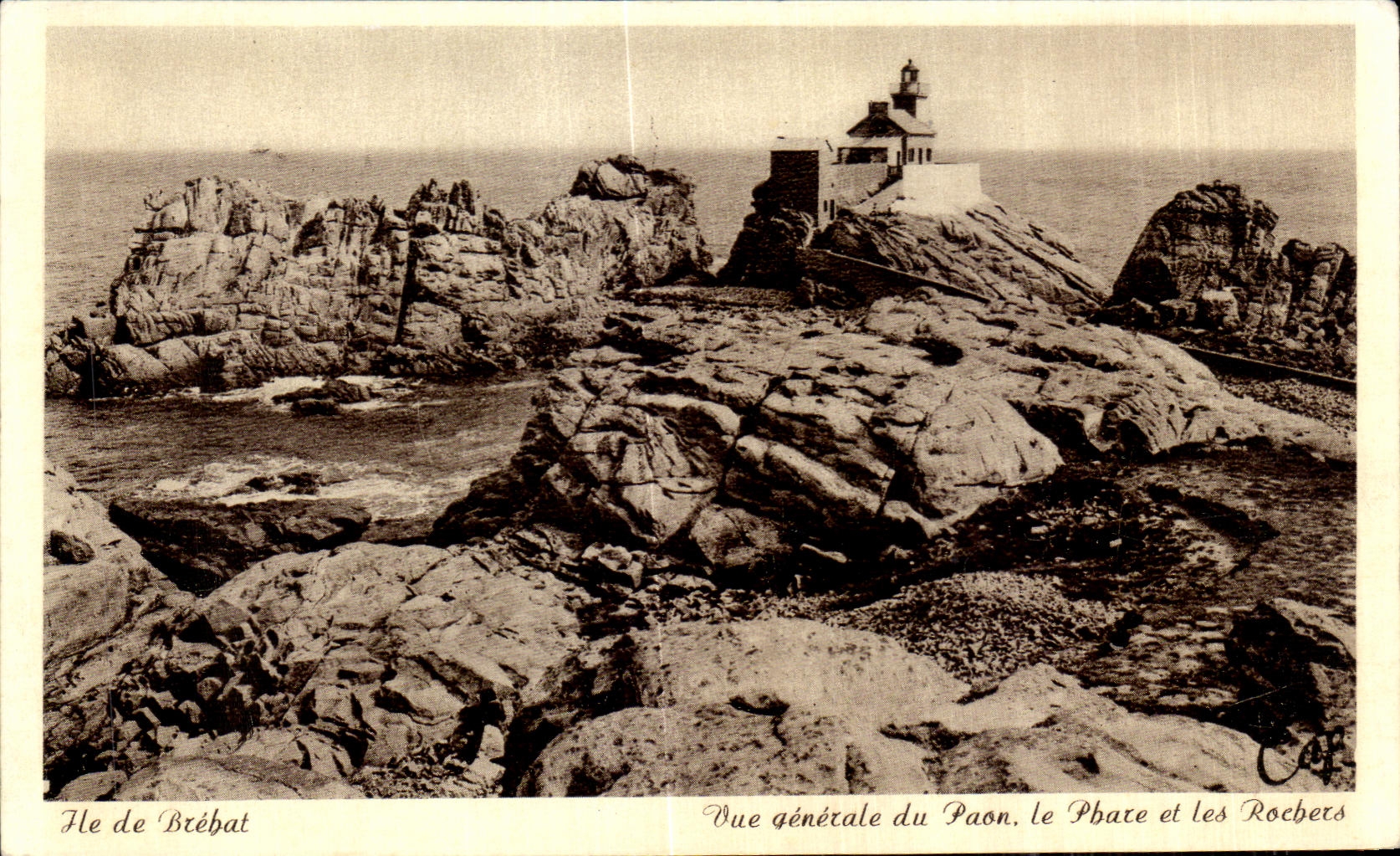 Île de Bréhat — Vue générale du Phare, le Phare et les Rochers — C° des Arts Photomécaniques, Strasbourg, ND 19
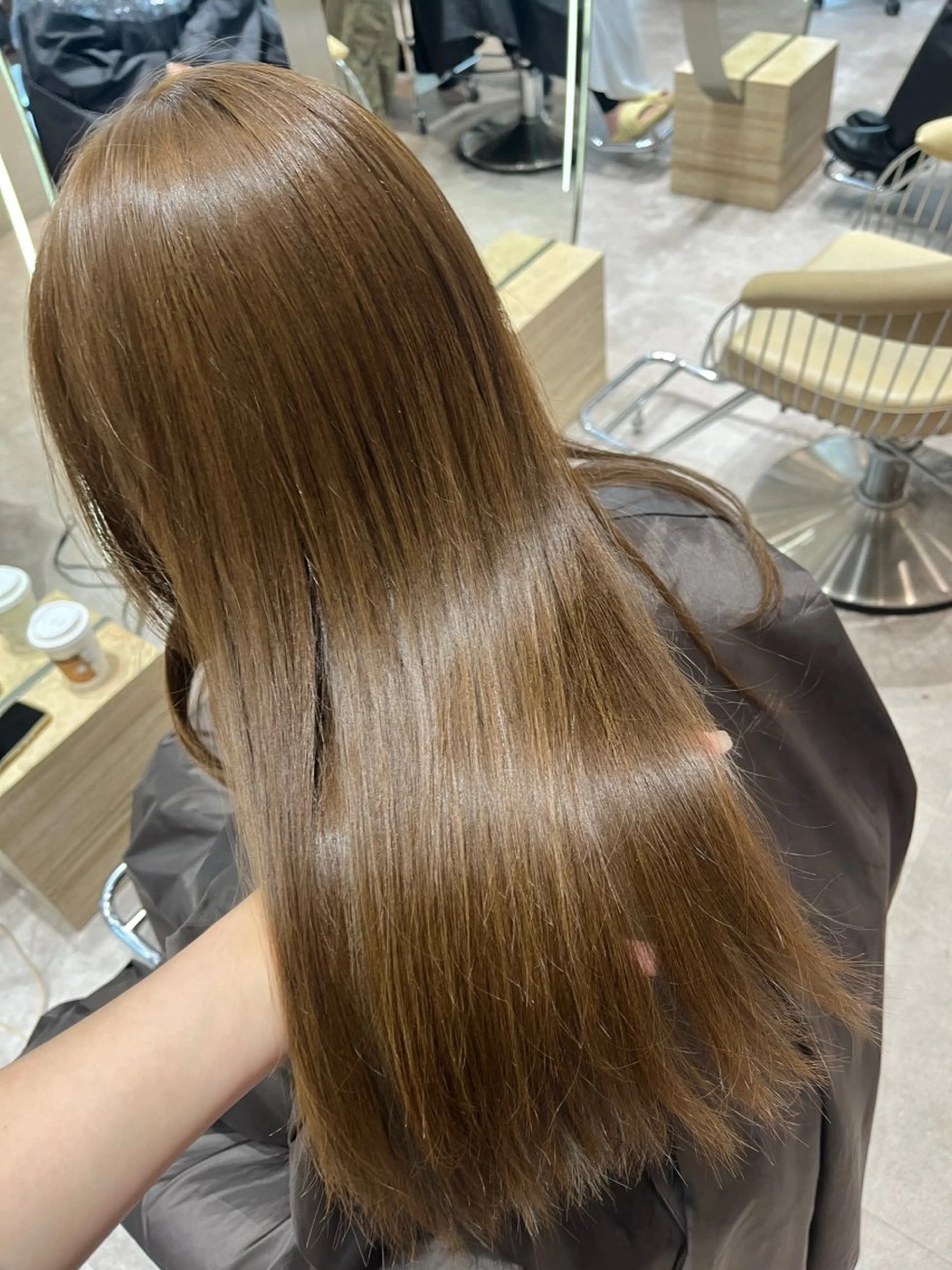 ミディアム カラー カット ヘアカラー 顔周りカット/ 透明感カラー/ユナのヘアスタイル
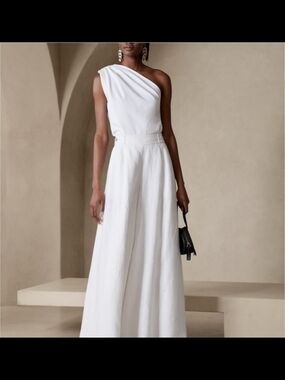 Banana Republic White One-Shoulder Wide-Leg Jumpsuit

· · · · · · ·

Restate the data word for word, minus any images.

## EXERCISE RESULT
 Île de Bréhat — Vue générale du Phare, le Phare et les Rochers — C° des Arts Photomécaniques, Strasbourg, ND 19
 ミディアム カラー カット ヘアカラー 顔周りカット/ 透明感カラー/ユナのヘアスタイル
 Banana Republic White One-Shoulder Wide-Leg Jumpsuit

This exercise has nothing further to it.